Après Cellini d’autres sculpteurs ont bien sûr repris le sujet. Canova, en 1800, par exemple. En marbre blanc. Froid. (mon beau-frère, le psychanalyste, trouve que ce glaive italien, avec ses deux extrémités, l’une droite et l’autre  repliée,  fait penser aux deux dispositions, phallique et détumescente… etc… il m’énerve)

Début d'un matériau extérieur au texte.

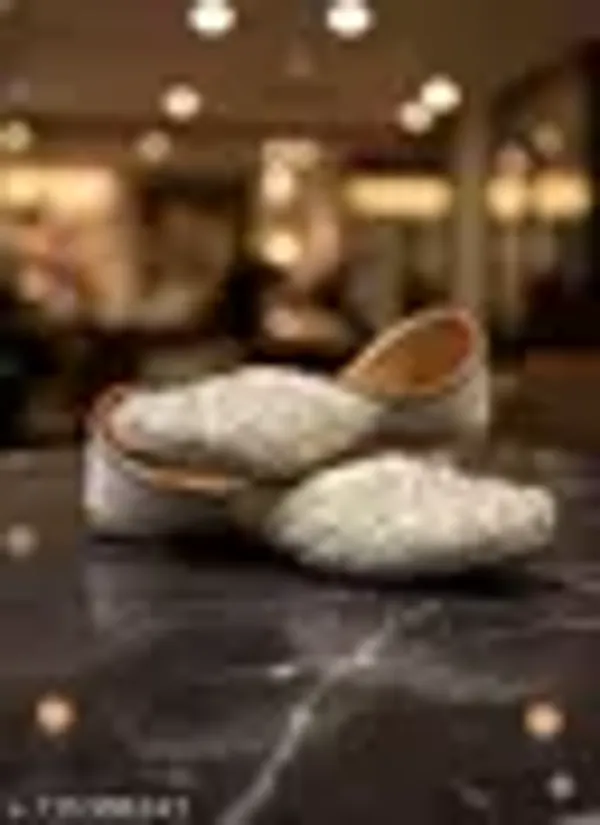 White_Synthetic_Leather_Jutti_For_Women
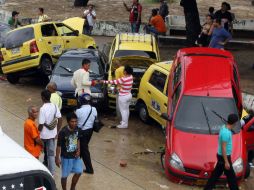 Sesenta automotores y más de cincuenta tiendas resintieron el efecto de la lluvia en la ciudad de Barranquilla. AFP  /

Et pour finir, ci-dessous, Camille Claudel. Il s’agit de la plus grande statue réalisée par Camille Claudel. Un marbre de  deux mètres de hauteur, exposé au musée de Nogent sur Seine.  Cette fois Persée a l’allure d’un jeune homme ordinaire, il semble raisonnablement musclé, son sexe est couvert par un large et long pansement . Pas de flot de sang. Persée, comme le mythe le précise bien, ne regarde pas Méduse directement mais observe son reflet, inoffensif reflet, dans une boucle polie faisant office de miroir rétroviseur. (Je précise ce détail, parce que je crains qu’un jeune lecteur se méprenne et pense que Persée fait un selfie…) Remarquez le contraste entre, d’une part le corps angélique et douloureux de Méduse, qui n’est pas du tout traité de façon secondaire, sa main attire notre attention sur sa position de femme battue,  et, d’autre part sa tête parfaitement droite et apparemment sereine… Surplombante.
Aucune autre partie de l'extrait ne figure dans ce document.